This repo implements the ingestion pipeline defined in spec/pdf-ingestion-and-chunking.md, now backed by Postgres so later retrieval/model work can build on the stored chunks.
- Start Postgres (Docker Compose example):
docker compose up -d postgres
- Configure the connection string for local development:
export DATABASE_URL=postgresql://postgres:postgres@localhost:5432/booktutor - Create the schema using the provided SQL (includes the generated
search_tsvcolumn + GIN index):psql "$DATABASE_URL" -f booktutor/schema.sql # or: python -c "from booktutor import db; db.init_db()"
python -m venv .venv
source .venv/bin/activate
pip install -r requirements.txtThe CLI ingests a single chapter PDF, normalizes the text, chunks it (900–1200 tokens with ~200 token overlap), and writes chunk metadata/text into Postgres. It expects DATABASE_URL to point at your Postgres instance.
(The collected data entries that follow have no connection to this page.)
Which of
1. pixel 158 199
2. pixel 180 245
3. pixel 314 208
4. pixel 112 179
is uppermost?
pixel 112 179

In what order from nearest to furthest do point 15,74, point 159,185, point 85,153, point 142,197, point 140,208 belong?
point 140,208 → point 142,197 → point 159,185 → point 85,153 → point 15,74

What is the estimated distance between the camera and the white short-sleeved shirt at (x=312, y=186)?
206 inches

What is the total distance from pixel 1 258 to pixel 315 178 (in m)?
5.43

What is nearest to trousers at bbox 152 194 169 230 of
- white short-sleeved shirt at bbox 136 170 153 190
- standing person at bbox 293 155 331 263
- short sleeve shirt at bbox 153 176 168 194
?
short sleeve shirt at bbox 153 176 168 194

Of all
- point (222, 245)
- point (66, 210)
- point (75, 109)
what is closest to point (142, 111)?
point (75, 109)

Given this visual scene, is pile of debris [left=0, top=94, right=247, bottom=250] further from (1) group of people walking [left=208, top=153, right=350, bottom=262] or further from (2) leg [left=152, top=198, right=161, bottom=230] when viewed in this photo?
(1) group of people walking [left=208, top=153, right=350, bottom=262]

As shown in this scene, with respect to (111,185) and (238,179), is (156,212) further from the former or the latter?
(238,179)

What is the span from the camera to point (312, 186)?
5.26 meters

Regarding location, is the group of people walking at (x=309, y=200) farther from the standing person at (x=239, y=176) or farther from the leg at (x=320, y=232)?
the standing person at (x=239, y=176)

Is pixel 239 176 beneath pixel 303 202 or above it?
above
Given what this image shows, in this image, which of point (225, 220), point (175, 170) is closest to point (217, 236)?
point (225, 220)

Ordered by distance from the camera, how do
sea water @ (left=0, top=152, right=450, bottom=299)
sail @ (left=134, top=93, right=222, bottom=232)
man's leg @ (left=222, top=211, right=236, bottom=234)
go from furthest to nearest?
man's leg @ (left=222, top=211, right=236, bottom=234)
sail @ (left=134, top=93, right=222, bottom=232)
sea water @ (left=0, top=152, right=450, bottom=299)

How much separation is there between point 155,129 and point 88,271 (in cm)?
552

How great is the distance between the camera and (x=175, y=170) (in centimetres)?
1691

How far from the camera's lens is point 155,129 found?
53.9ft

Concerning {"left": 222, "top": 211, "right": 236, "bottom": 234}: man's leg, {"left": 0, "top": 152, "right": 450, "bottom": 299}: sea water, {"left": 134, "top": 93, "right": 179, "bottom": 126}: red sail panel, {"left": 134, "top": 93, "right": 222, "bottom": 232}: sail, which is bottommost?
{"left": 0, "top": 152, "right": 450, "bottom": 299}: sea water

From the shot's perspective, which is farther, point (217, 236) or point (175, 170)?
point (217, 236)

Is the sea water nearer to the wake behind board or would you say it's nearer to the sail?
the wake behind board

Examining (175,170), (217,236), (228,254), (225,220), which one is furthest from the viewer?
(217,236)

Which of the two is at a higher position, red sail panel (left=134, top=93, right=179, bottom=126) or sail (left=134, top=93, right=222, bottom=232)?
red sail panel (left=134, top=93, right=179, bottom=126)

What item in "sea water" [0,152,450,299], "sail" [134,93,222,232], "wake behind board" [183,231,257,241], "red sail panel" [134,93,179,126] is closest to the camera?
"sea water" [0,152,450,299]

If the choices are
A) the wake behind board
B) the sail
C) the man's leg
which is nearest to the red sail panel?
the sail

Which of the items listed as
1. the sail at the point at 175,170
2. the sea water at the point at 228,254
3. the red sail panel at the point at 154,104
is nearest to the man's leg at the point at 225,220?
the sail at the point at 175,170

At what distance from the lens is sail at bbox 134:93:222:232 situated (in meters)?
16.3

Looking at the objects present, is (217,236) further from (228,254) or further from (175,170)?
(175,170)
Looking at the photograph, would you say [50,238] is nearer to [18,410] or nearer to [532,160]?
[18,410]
python ingest_chapter.py path/to/chapter.pdf \
--course-id=HIST101 \
--course-title="Modern History" \
--chapter-no=1 \
--chapter-title="Foundations" \
--resource-title="Chapter 1"Add --init-schema to create tables on first run, and --replace to delete any existing chapter resource before ingesting.
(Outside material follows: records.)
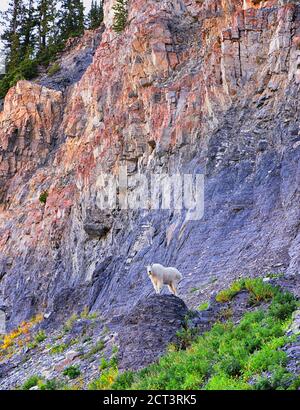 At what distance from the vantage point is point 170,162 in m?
29.0

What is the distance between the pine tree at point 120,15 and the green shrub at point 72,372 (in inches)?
1299

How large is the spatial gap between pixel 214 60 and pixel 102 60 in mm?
15711

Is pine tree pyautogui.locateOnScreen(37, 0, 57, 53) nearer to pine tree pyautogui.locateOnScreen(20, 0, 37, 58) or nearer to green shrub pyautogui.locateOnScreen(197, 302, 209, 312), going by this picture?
pine tree pyautogui.locateOnScreen(20, 0, 37, 58)

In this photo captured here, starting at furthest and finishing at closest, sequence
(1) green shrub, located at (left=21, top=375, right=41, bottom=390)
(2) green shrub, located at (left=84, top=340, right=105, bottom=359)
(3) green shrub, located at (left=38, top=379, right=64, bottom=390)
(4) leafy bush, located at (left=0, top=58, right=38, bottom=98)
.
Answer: (4) leafy bush, located at (left=0, top=58, right=38, bottom=98) < (2) green shrub, located at (left=84, top=340, right=105, bottom=359) < (1) green shrub, located at (left=21, top=375, right=41, bottom=390) < (3) green shrub, located at (left=38, top=379, right=64, bottom=390)

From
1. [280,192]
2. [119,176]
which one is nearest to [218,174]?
[280,192]

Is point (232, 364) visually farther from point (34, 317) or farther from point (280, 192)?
point (34, 317)

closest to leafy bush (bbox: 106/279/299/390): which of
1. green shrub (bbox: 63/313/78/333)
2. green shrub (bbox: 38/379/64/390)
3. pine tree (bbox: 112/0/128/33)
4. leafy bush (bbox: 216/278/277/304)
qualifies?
leafy bush (bbox: 216/278/277/304)

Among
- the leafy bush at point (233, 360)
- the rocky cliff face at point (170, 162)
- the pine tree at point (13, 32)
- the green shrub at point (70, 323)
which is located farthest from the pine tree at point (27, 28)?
the leafy bush at point (233, 360)

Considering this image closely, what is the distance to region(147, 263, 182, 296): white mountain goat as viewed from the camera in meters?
19.0

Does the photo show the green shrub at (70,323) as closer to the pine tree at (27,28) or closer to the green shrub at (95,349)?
the green shrub at (95,349)

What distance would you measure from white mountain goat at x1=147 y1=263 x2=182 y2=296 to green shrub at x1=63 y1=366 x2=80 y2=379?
434 centimetres

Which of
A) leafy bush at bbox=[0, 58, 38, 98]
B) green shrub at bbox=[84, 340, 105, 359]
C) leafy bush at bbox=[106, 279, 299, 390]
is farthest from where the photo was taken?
leafy bush at bbox=[0, 58, 38, 98]

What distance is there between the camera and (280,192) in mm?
21609

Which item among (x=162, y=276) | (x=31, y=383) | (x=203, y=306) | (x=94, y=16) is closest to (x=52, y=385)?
(x=31, y=383) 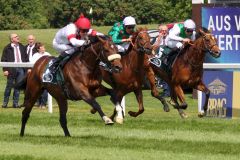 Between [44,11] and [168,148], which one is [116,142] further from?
[44,11]

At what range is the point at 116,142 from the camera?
12531 millimetres

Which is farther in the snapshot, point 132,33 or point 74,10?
point 74,10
To ingest many chapters in one shot, define chapters/manifest.csv with columns chapter_no,chapter_title,pdf_path and run:
python scripts/ingest_manifest.py chapters/manifest.csv \
--course-id=HIST101 \
--course-title="Modern History" \
--replaceThe script reads each CSV row, optionally clears prior resources for that (course_id, chapter_no) pair, runs the ingestion pipeline, and prints a compact summary per chapter (resource id, pages, chunk count).
Quick Postgres queries to confirm what was ingested:
-- Per-chapter counts straight from resources (set during ingestion)
SELECT chapter_no, chapter_title, page_count, chunk_count
FROM resources
WHERE course_id = 'HIST101'
ORDER BY chapter_no;
-- If you want the min/max page ranges, the resource_stats view augments those counts
SELECT chapter_no, chapter_title, page_count, chunk_count, min_page_start, max_page_end
FROM resource_stats
WHERE course_id = 'HIST101'
ORDER BY chapter_no;
-- Preview the first few chunks for chapter 1
SELECT chunk_index, LEFT(text, 200)
FROM chunks
WHERE course_id = 'HIST101' AND chapter_no = 1
ORDER BY chunk_index
LIMIT 3;
-- (Optional) verify the generated search_tsv column is populated
SELECT COUNT(*) FROM chunks WHERE search_tsv @@ plainto_tsquery('modern history');